Understanding Banking Involution Mechanics
Destructive Manifestations
Dong Ximiao (董希淼), Chief Researcher at Zhaolian Finance, identifies four pathological patterns:
– Pricing insanity: Consumer loans priced below 3% despite 4.5%+ funding costs
– Risk negligence: Collateral waivers for corporate clients meeting volume thresholds
– Service cloning: 78% of regional banks offering identical digital interfaces
– Metric distortion: “Manual interest supplementation” schemes artificially inflating deposits
These practices created what Guangdong regulators term “cannibalistic competition” – where institutions erode industry margins to capture shrinking market shares.
Systemic Consequences
The fallout extends beyond profitability:
– Risk concentration: Non-performing loan ratios climbing 0.8% annually in involution hotspots
– Innovation atrophy: Fintech investment declining 17% among volume-focused banks
– Talent depletion: 32% turnover rates in high-pressure sales divisions
Dong Ximiao warns: “Such behaviors don’t merely reduce profits – they implant systemic time bombs.”
Regulatory Reinforcement Framework
Guangdong’s Pioneering Model
Guangdong Financial Regulatory Bureau Director Bao Zuming (包祖明) declared involution “the root of market chaos” while rolling out China’s first comprehensive countermeasures:
The “1+3+N” Architecture
– 1: Regulatory negative lists prohibiting 27 specific involutionary practices
– 3: Binding conventions including Anti-Unfair Competition Pacts and Banker Commitment Charters
– N: Sector-specific supplements covering wealth management, corporate lending, and digital banking
This multi-layered approach combines prohibition, peer accountability, and specialized remediation – creating what Bao terms “self-reinforcing correction mechanisms.”
The Future Banking Ecosystem
Transition Challenges
The anti-involution transformation presents hurdles:
– Short-term profitability dips estimated at 5-8% for rate-dependent institutions
– Operational restructuring costs averaging ¥420 million per mid-sized bank
– Workforce reskilling requiring 6-9 months for commercial staff
Xue Hongyan cautions: “Banks overly reliant on pricing advantages face painful but necessary adaptations.”
Emerging Best Practices
Forward-looking institutions demonstrate:
– Client stratification: Postal Savings Bank creating 11 customized service tiers
– Ecosystem banking: China CITIC Bank integrating logistics/fintech partners
– Precision pricing: China Everbright Bank implementing AI-driven risk-based models
Guangdong Banking Association metrics show early adopters reducing customer acquisition costs by 31% while increasing wallet share 19%.
Sustainable Banking Transformation Pathway
The anti-involution movement represents banking’s most significant recalibration since interest rate liberalization.
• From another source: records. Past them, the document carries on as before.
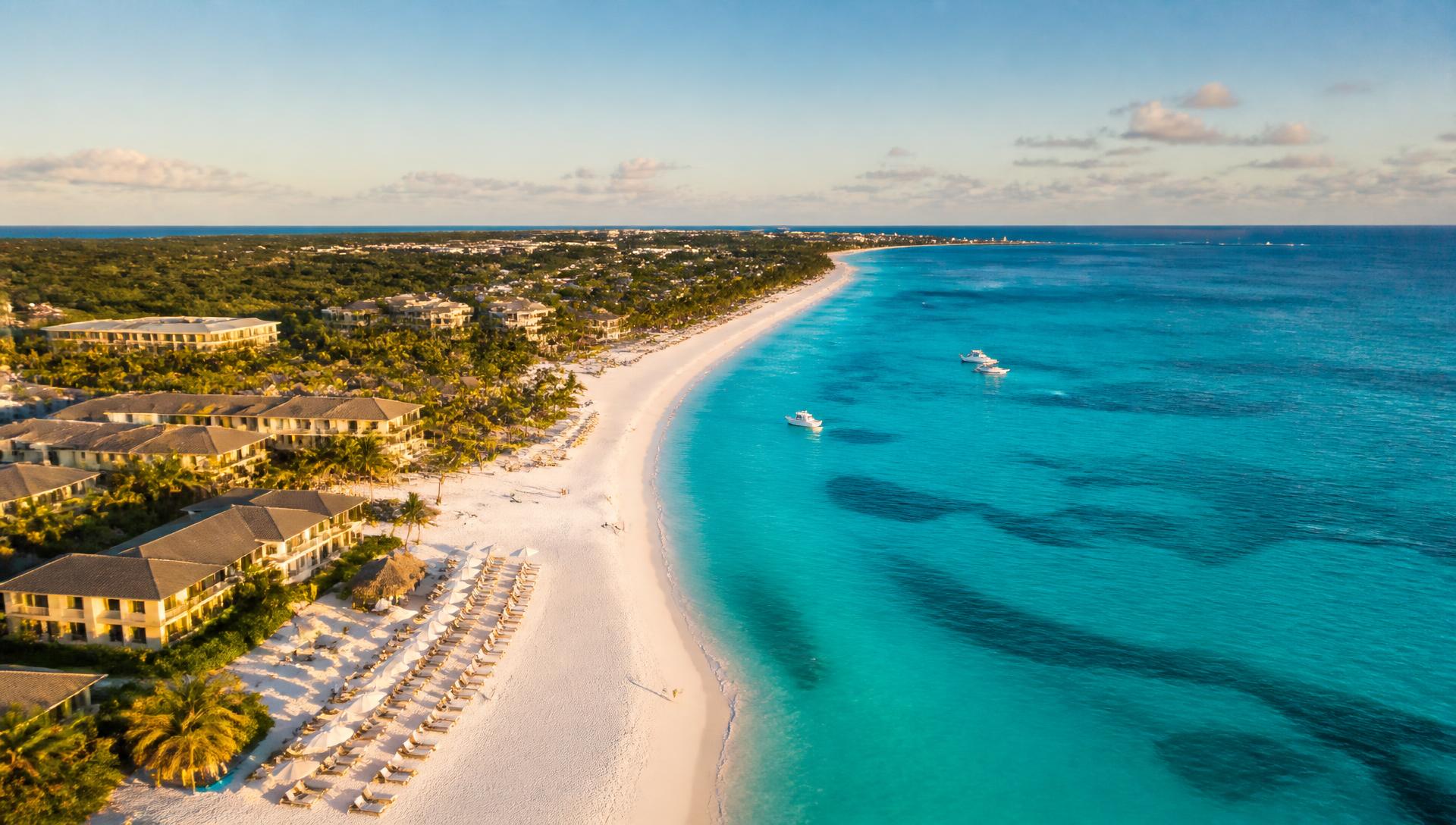 Aerial view of Grace Bay Beach, Providenciales, Turks and Caicos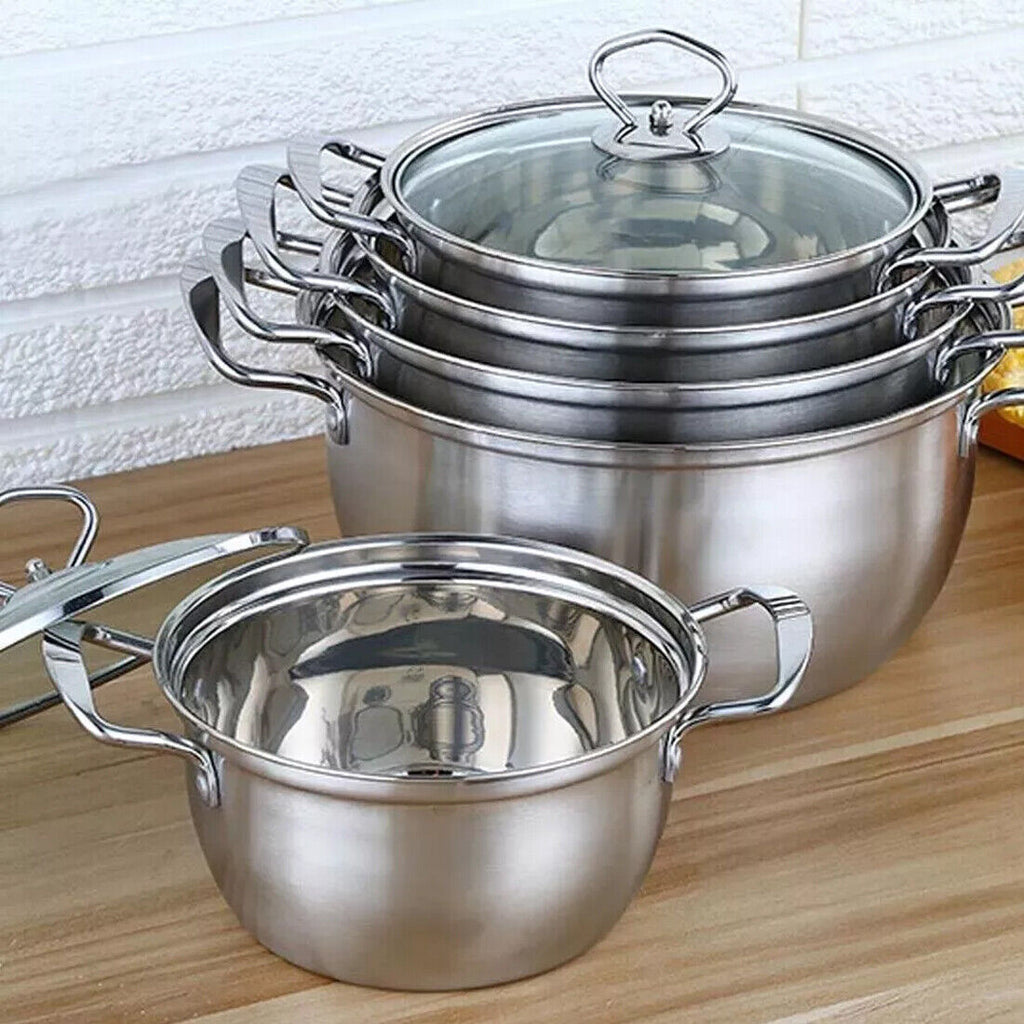 Induction Non Stick Stainless Steel Cookware With Lids Set, 11 pcs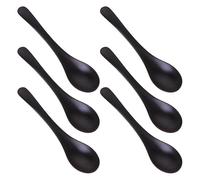 HOLIDYOYO 6Pcs Matte Black Soup Spoons Imitation Porcelain Flatware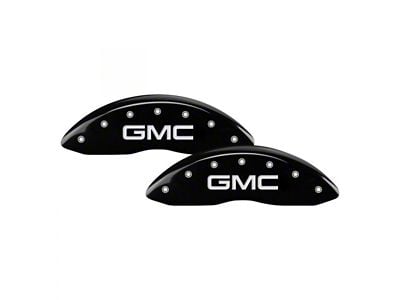 MGP Brake Caliper Covers with GMC Logo; Black; Front and Rear (11-19 Sierra 3500 HD SRW)
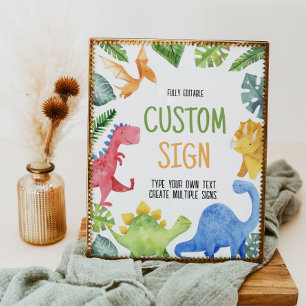 Poster Symbole de table de fête d'anniversaire des dinosa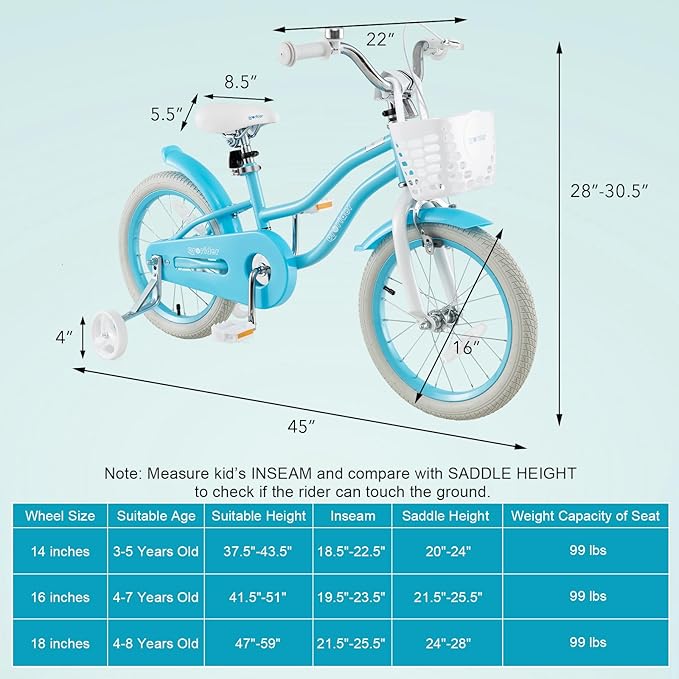 BABY JOY Kids Bike, 12 14 16 18 20 Inch Boys Girls Bike w/Adjustable Seat, Removable Basket, Handbrake & Coaster Brake, Training Wheels or Kickstand, Kids Bicycle with Multi-Color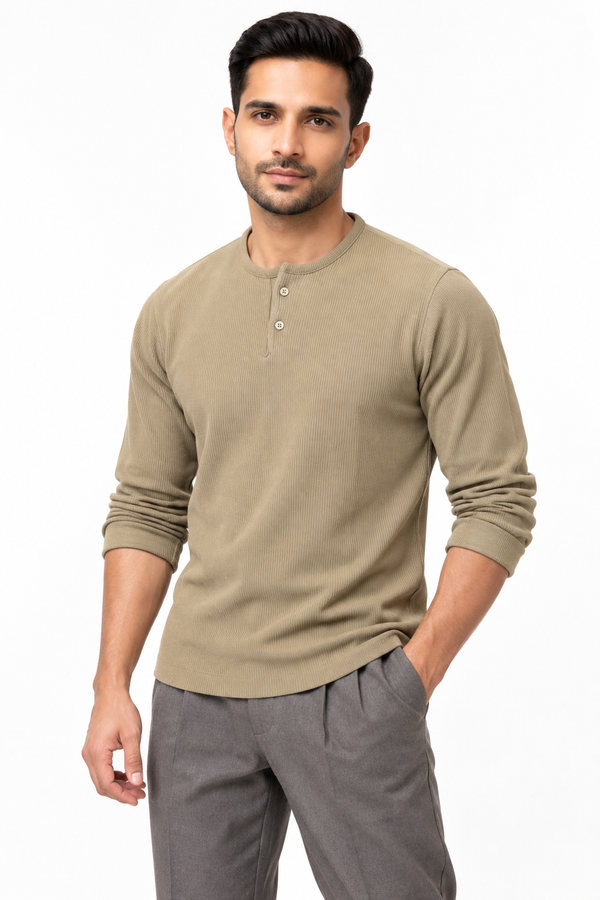 Cream Henley T-shirt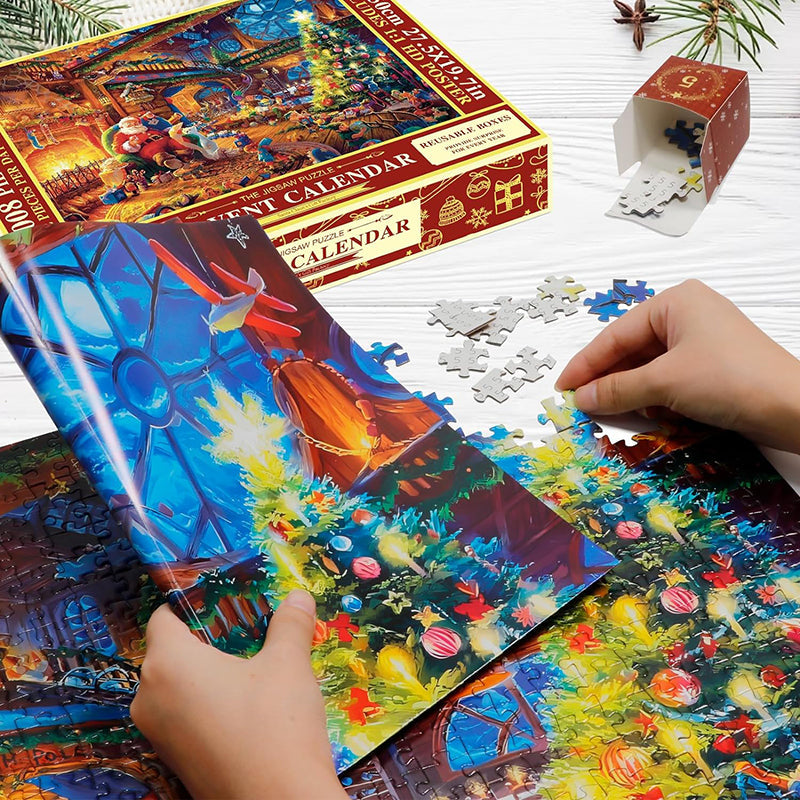 Countdown Puzzle Calendar with 24 Daily Boxes of Cardboard Pieces That Build One Christmas Scene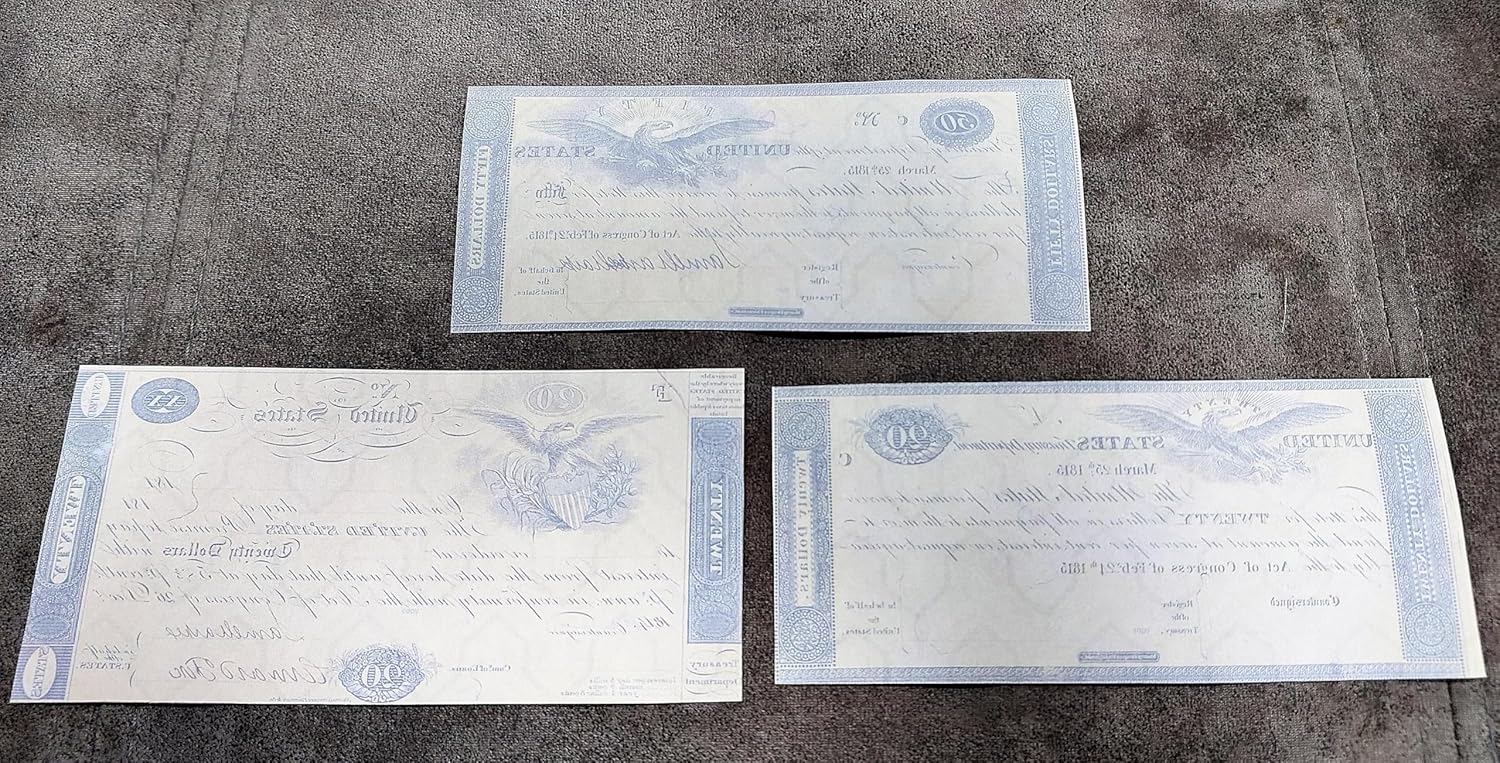 Reprint with W/M United States Treasury Notes 1812-1815 y.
ICBC’s leadership provides the catalyst, but lasting transformation requires tripartite commitment:
Financial institutions must:
– Replace volume obsession with value creation metrics
– Develop specialized competencies beyond price competition
– Embed risk consciousness in all growth initiatives
Regulators should:
– Expand the Guangdong model nationally
– Enhance digital monitoring of irrational pricing
– Accelerate consolidation among weaker regional players
Customers can:
– Reward service differentiation over marginal rate advantages
– Support transparent banking relationships
– Report predatory pricing through CBIRC channels
As Dong Ximiao concludes: “Healthy competition requires diversity – institutions serving distinct needs through customized strengths.” This anti-involution breakthrough finally makes that vision achievable. For stakeholders, the imperative is clear: Champion institutions advancing substantive reforms, scrutinize superficial compliance, and actively participate in rebuilding China’s banking foundation.